Affiliation:
1. Federal Research Centre of Nutrition, Biotechnology and Food Safety
2. Lomonosov Moscow State University
3. Russian Biotechnological University (ROSBIOTECH)
Abstract
L-carnitine plays a key role in cell bioenergetics, it belongs to vitamin-like substances, but unlike vitamins, it not only comes from food, but is also synthesized in the body. Endogenous synthesis decreases with age, under certain physiological conditions, taking medications. In this regard, specialized food products (SFP) and food supplements are being developed, containing L-carnitine as one of the functional ingredients. Comparison of doses of L-carnitine approved for use in biologically active food supplements and specialized food products with doses that provide a clinical effect.A review of existing literature on this issue in recent years was carried out using the RSCI, Pubmed databases and in the Google Scholar, ResearchGate systems. The amount of L-carnitine contained in a daily portion of SPP is established by domestic regulatory documents based on an adequate level of daily intake for adults, which is 300 mg and the upper permissible level of daily intake in the composition of SFP and food supplements is 900 mg/day. Reception of L-carnitine 1–2 g per day. within 5–12 weeks led to an increase in its concentration in the blood plasma, and also improved the indicators of the antioxidant status.
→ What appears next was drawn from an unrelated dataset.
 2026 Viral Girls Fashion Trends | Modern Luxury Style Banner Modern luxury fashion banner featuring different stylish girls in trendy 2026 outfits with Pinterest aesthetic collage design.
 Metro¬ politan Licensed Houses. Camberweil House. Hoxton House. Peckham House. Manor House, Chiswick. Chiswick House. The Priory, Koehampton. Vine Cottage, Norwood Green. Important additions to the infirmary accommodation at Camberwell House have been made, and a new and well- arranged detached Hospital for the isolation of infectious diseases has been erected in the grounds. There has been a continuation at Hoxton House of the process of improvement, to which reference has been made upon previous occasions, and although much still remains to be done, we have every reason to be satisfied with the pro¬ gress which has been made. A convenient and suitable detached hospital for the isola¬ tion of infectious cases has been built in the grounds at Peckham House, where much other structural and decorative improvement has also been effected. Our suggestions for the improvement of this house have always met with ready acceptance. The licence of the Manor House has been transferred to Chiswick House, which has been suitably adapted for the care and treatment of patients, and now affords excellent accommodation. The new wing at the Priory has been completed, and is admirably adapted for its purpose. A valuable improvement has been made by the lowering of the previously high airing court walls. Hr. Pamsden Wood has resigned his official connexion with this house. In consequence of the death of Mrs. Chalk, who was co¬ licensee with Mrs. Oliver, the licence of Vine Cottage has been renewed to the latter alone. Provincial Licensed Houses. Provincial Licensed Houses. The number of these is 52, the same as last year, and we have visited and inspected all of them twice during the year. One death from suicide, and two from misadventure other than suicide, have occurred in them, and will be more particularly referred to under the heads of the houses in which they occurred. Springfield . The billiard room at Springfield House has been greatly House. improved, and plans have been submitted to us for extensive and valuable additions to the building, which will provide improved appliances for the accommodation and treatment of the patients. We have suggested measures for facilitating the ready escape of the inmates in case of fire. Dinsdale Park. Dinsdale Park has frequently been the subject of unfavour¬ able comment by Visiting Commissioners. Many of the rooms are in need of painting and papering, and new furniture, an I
Long-term intake of L-carnitine in doses of 2–3 g in patients with dyslipidemia, type 2 diabetes (DM2) and cardiovascular diseased (CVD) led to an improvement in the lipid profile of blood plasma, glycemic control, and had an anti-inflammatory effect. The condition for achieving a clinical effect in patients is long-term use and high doses. The intake of physiological doses of L-carnitine is appropriate for individuals from risk groups. Clinically effective doses of L-carnitine, when used for at least 12 weeks, correspond to or are 2 times higher than the upper permissible intake level in the composition of SPP and dietary supplements.